- Born: 30 July 1979 (age 46) Calcutta (now Kolkata)
- Occupations: Percussionist, actor
- Parent(s): Chandrodoy Ghosh (father), Mamata Shankar (mother)
- Relatives: Uday Shankar (grandfather) Ravi Shankar (granduncle)

= Ratul Shankar =

Indian percussionist and actor

Ratul Shankar (born Ratul Shankar Ghosh) is a percussionist and actor.

== Family background ==
Ratul Shankar is the great-grandson of Shyam Shankar Chowdhury, grandson of Uday Shankar, grandnephew of renowned sitarist Ravi Shankar, and son of Mamata Shankar. He is the nephew of Ananda Shankar, sitar player Anoushka Shankar, and western singer Norah Jones.

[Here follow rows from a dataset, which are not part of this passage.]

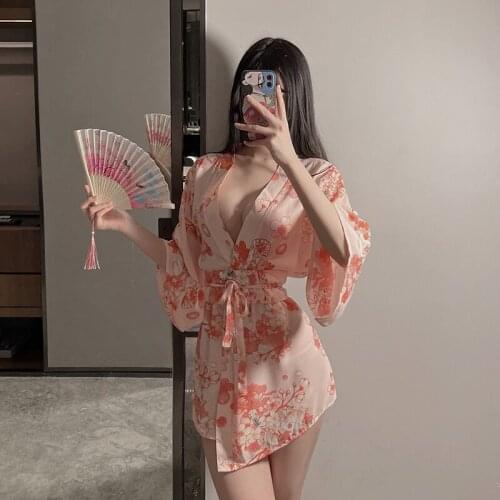 Japanese Kimono Sexy Cosplay Uniform for Women Soft Silk Belt Pink Traditional Style Robe AV Costumes Pajamas Porno Sex Adult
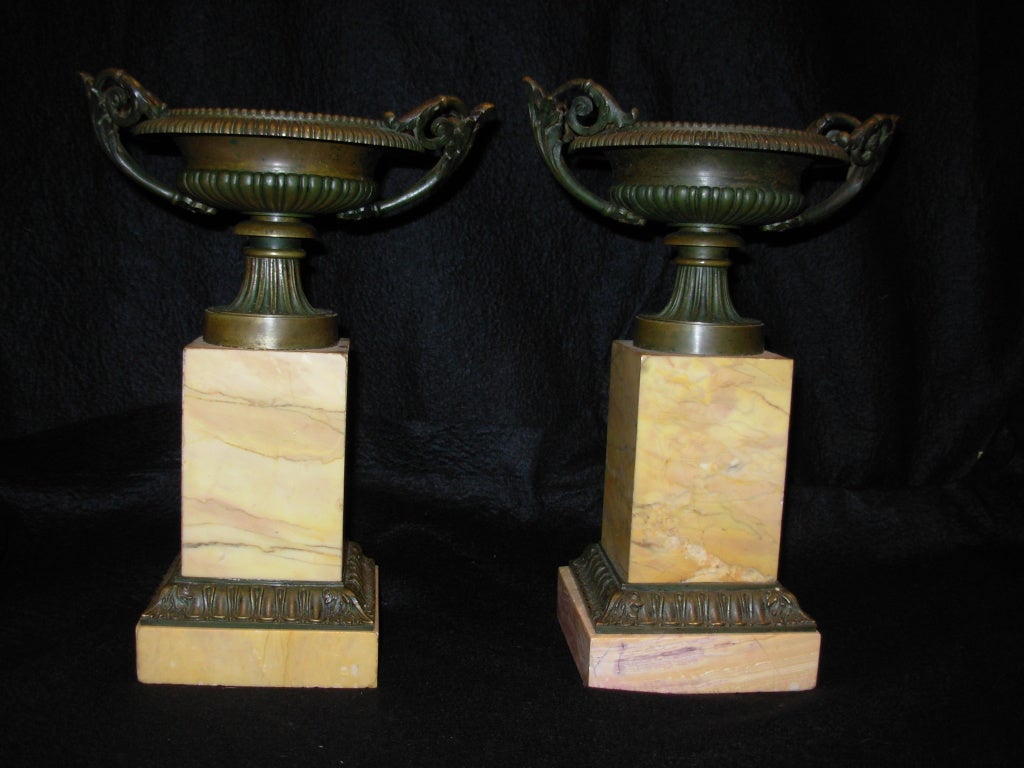 A classical pair of bronze and sienna marble tazza's with excellent detail.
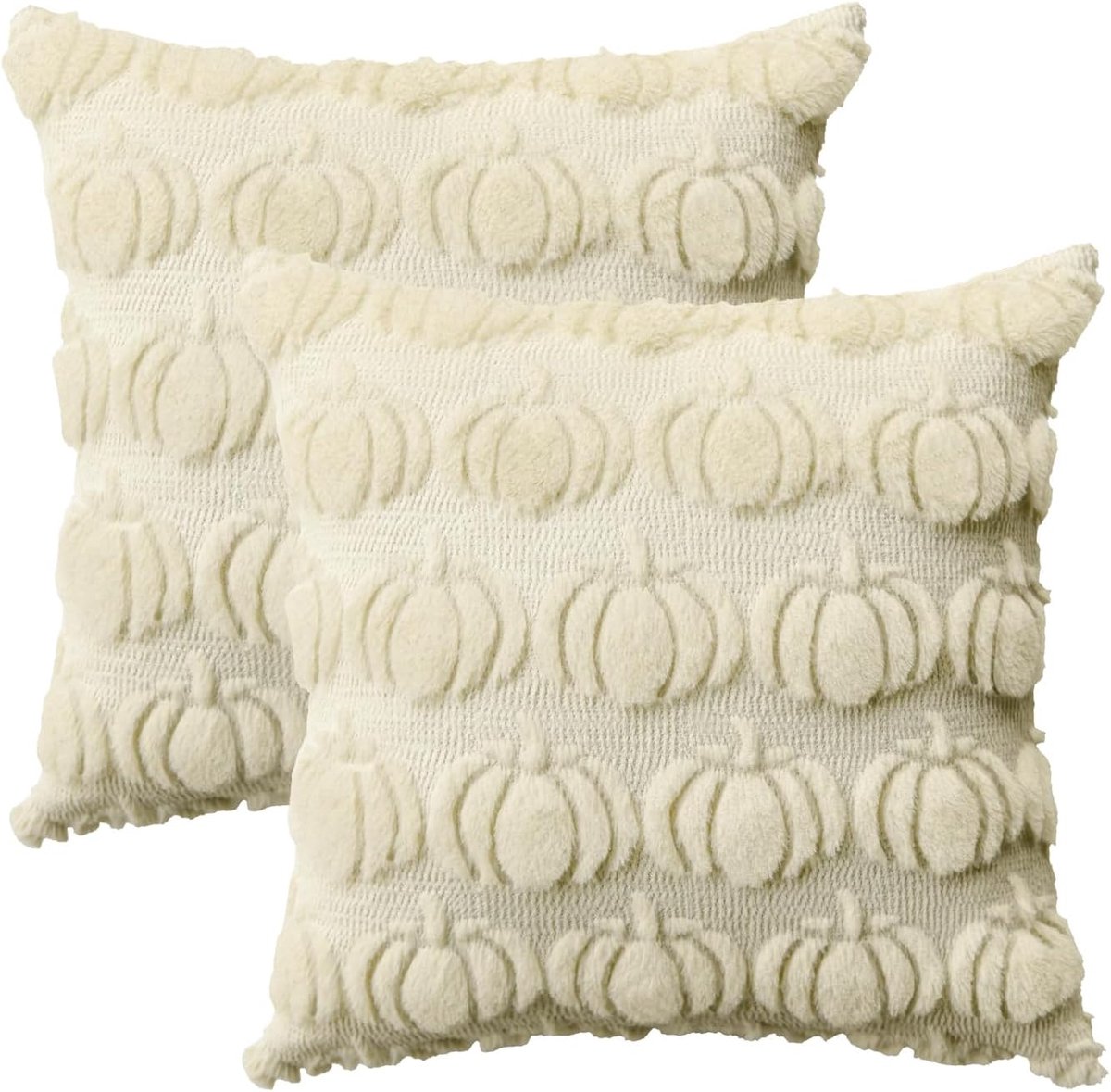 SnelShoppen - Set van 2 beige bont pompoenen kussenslopen 40x40 cm | Zachte kunstpluche fluwelen bankkussens voor herfst decoratie in slaapkamer en wo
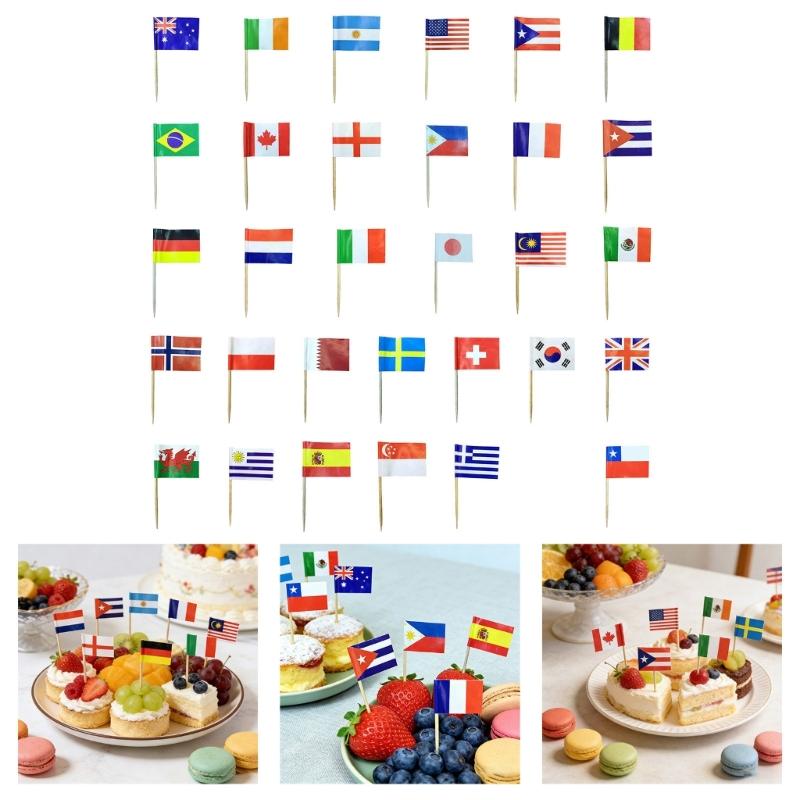 100Pcs Multicolor International Flag Toothpicks Cupcake Picks Cake Top Ornament For Desserts Display Festival Decoration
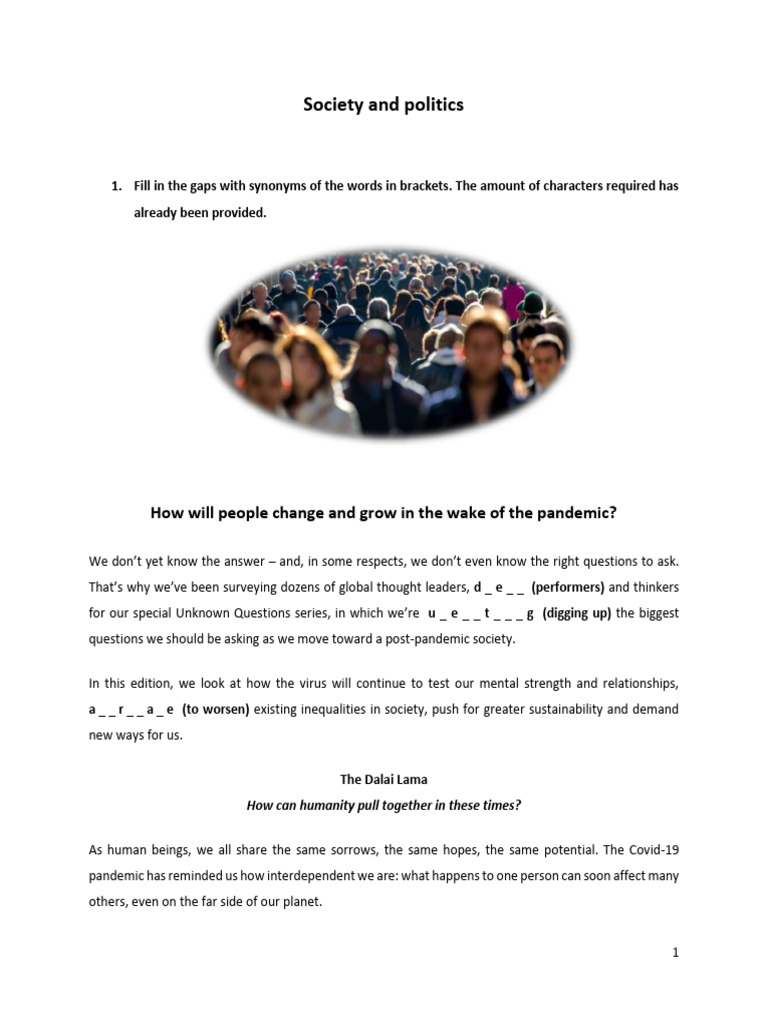 Society and Politics - Worksheet | PDF | Silvio Berlusconi | Loneliness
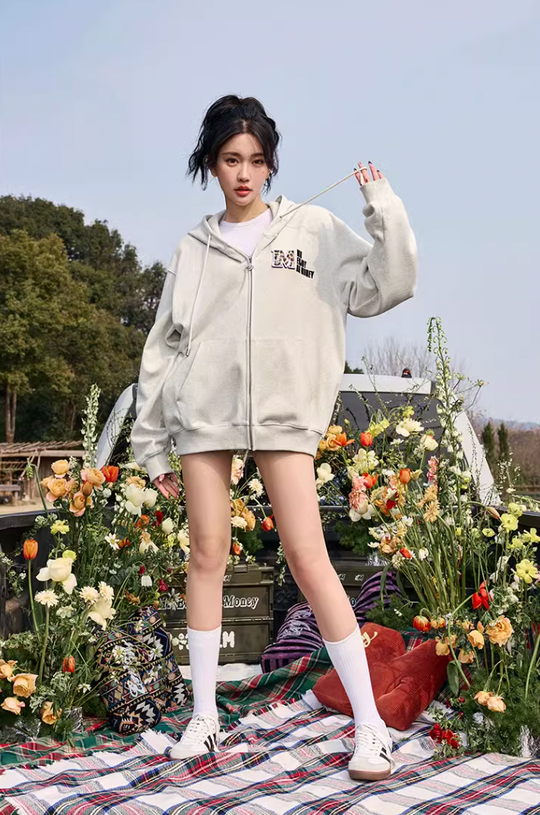 MEDM Velcro Cardigan Zipper Hoodie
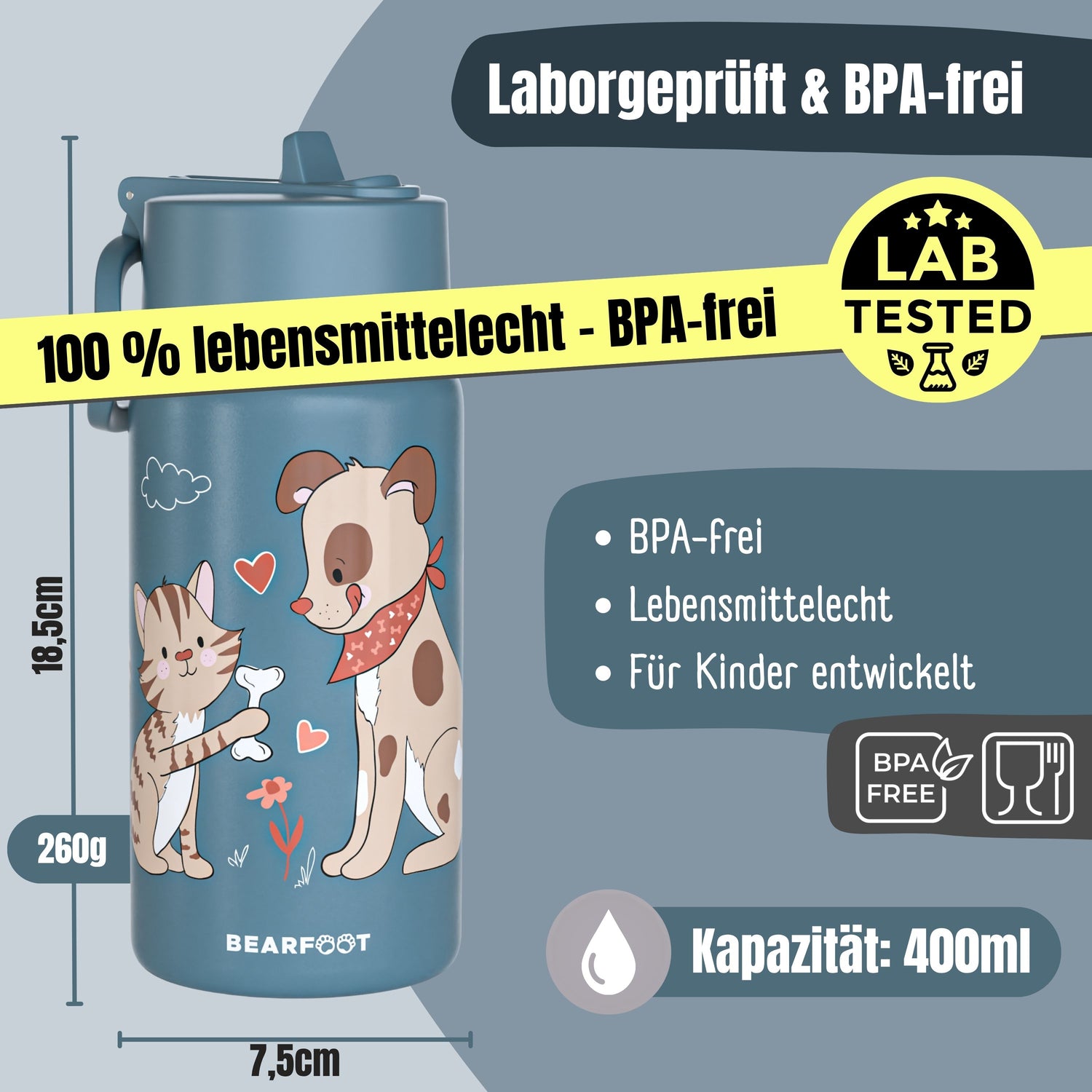 Gourde thermos pour enfants en acier inoxydable - chien et chat bleu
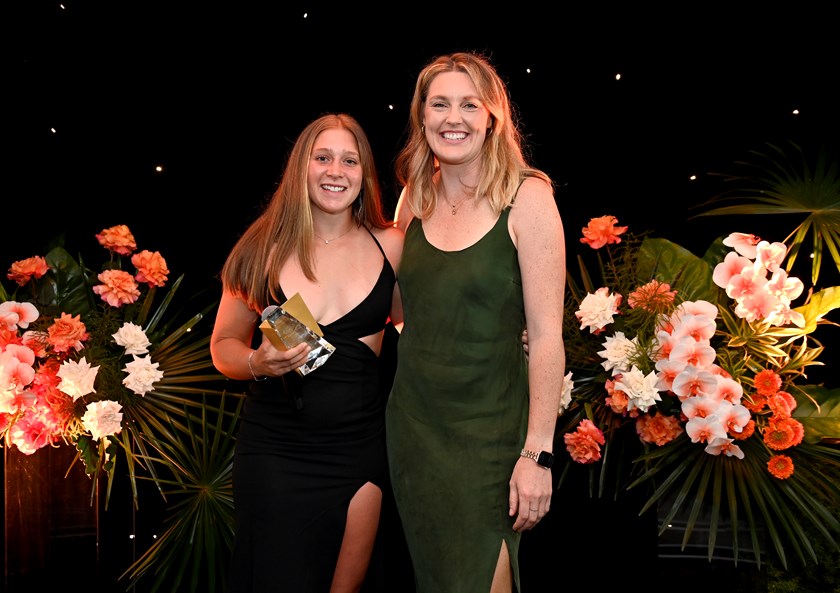 Football Manager Jess Bygate with Tarsha Gale Players' Player Claire Kennedy 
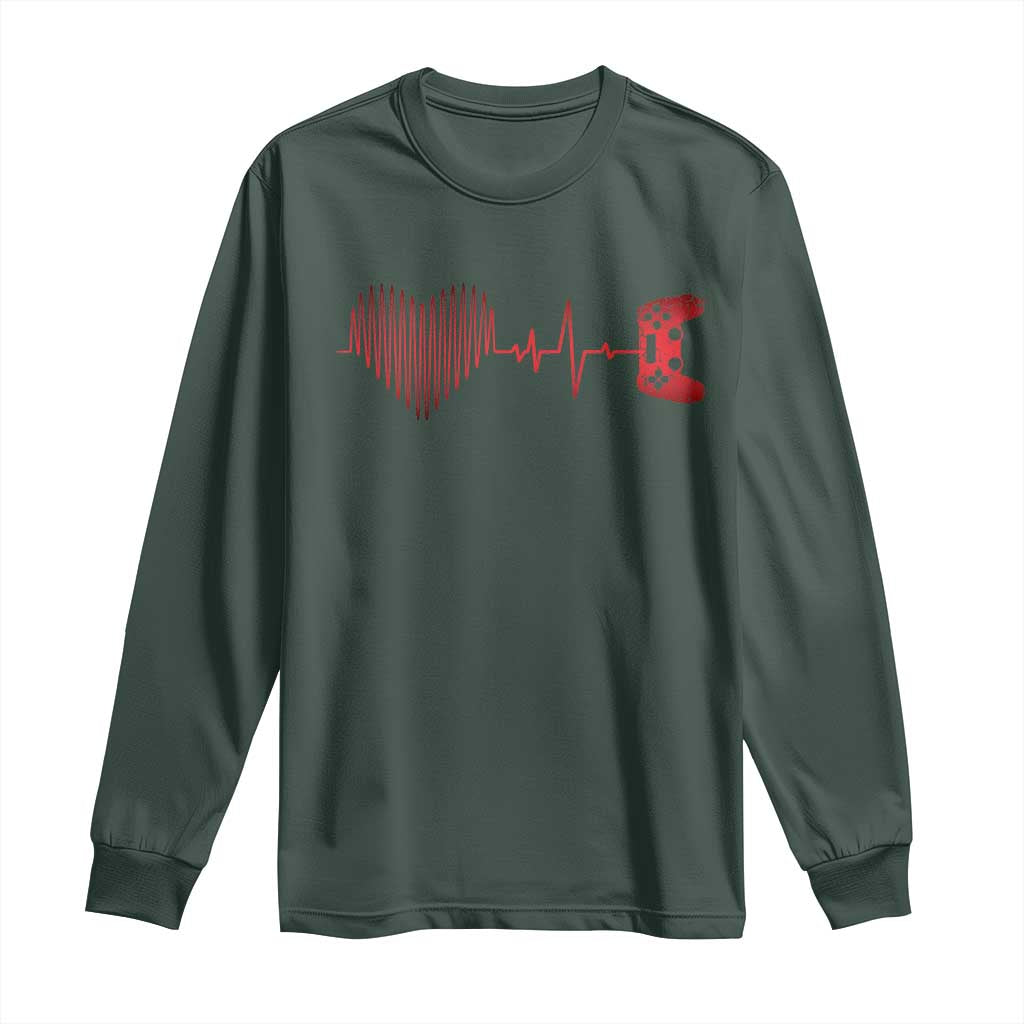Valentine Gamer Long Sleeve Shirt Heartbeat Video Games Gaming Boys TS10 Dark Forest Green Print Your Wear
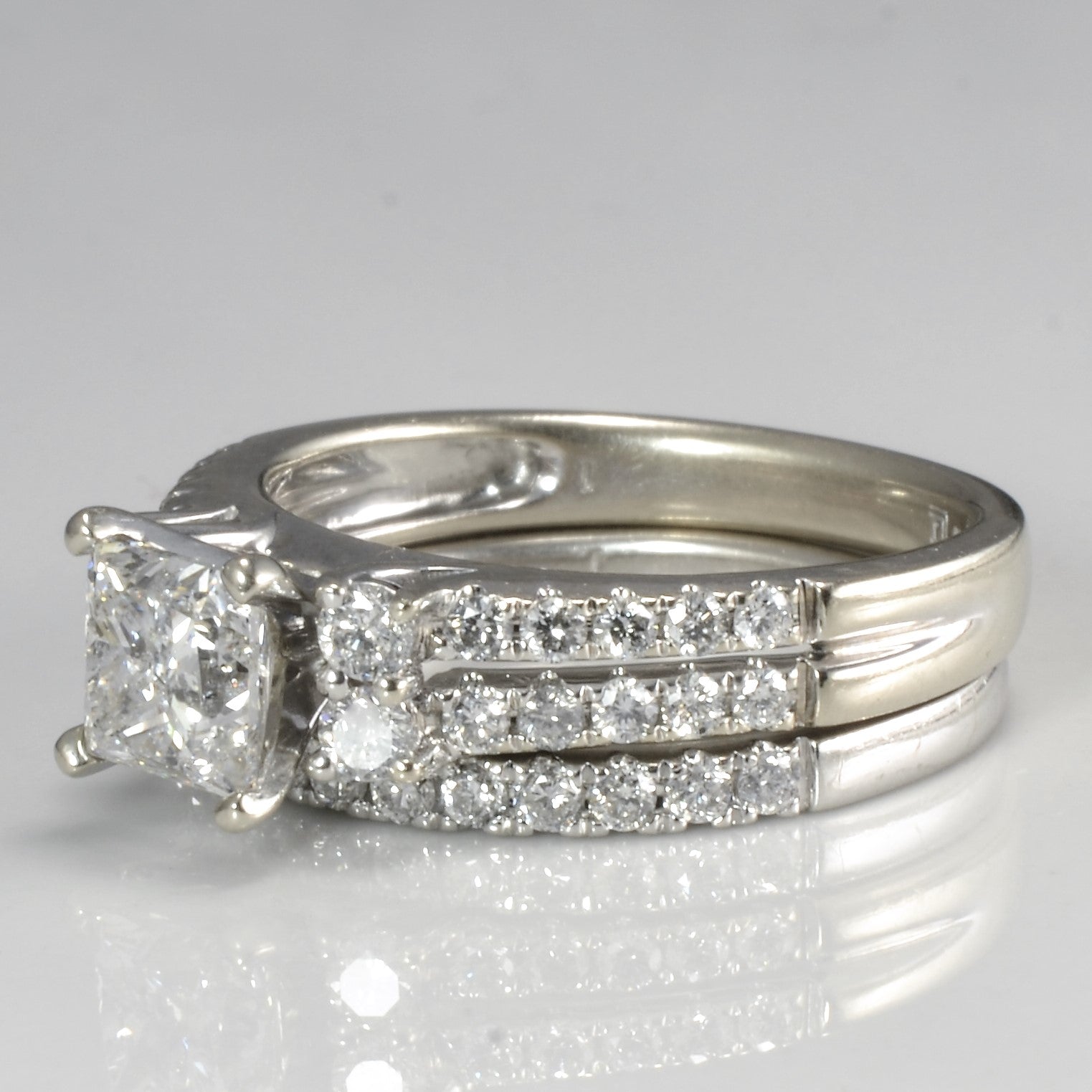 High Set Diamond with Accents Engagement Ring Set | 1.61 ctw, SZ 7 |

Born in the Shankar family on 30 July 1979, Ratul was exposed to the various forms of performing arts at a very young age. He has been touring with his parents Mamata Shankar and Chandrodoy Ghosh from the age of two.

Trained under Pt. Tanmoy Bose, Ratul has performed in his World Music Project "TAAL TANTRA" and has been performing with the project for the last 13 years. He has also been a feature of various other World Music projects.

A Major in Mass Communication and Videography from St. Xavier's College, Kolkata, Shankar made his debut in acting with Rituporno Ghosh in the National Award winning film Utsab in 2000.

Shankar has cited his uncle Ananda Shankar as his greatest musical influence. While performing with "TAAL TANTRA" and other various projects, Ratul performed with the maestros such as Ustad Amjad Ali Khan, Ustad Taufique Quereshi, Selvaganesh, Pt. Tejendra Narayan Majumdar, Pt. Bickram Ghosh, Pete Lockett, Tilmann Dienhart, Niladri Kumar, Carl Peters, Ranajit Sengupta, Wolfgang Netzer, Soweto Kinch, Jesse Bannister, and Attab Hadad.

Shankar has been touring extensively with various projects scattered over the world. His main interest lies in collaborating with musicians from all over and believes in the Cultural Exchange that takes place fluently.